While it's mostly exactly as expected from my fragmented memories, there are a few surprises. Associating this with the Seventies, I hadn't realised the series had begun as early as 1969. And in black and white, to boot. The opening titles look pretty basic here (when looking for images to post above, I was reminded of the famous cartoon opening titles, which explains why the one I got looked so malapropos). I was also surprised to see only two actors credits in the opening: Reg Varney and Cicely Courneidge.
On the cast themselves, it looks like Cicely had enjoyed a long and distinguished career before this. Having no real memory of Doris Hare in the role, it's nice to be able to view Cicely's performance objectively. I really like her, and I already wondering how I'll feel about the recast (and curious to know why it took place).

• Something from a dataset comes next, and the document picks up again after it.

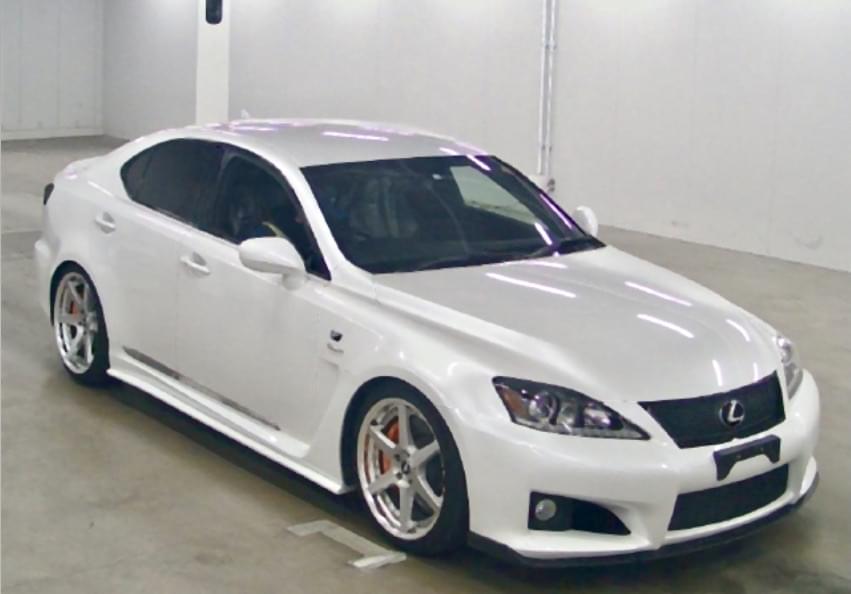 Lexus ISF Import from Japanese Auctions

Varney I'm less excited about. Watching his performance I can't help feeling that he's nowhere near as charming/charismatic/adorable/funny as
he'd like to think. There's a bit of the loud "roll up, roll up/cor blimey thing to him which belies Varney's music hall image. The cheeky chappie schtick simply isn't my kind of thing, but I view it as a necessary evil here. Like Sid James in the
Carry Ons, I accept it's a big draw for many even if I'm not one of them. Also in common with Sid James, this is reinforced by the writers pandering either to the character's image or the actor's vanity by having them either pursuing or being pursued by young women half their age. It arguably taps into an element of fantasy for the middle aged heterosexual men in the audience. No matter how old they are, what shape they're in, or how dominated they are by their mother, it seems there's hope.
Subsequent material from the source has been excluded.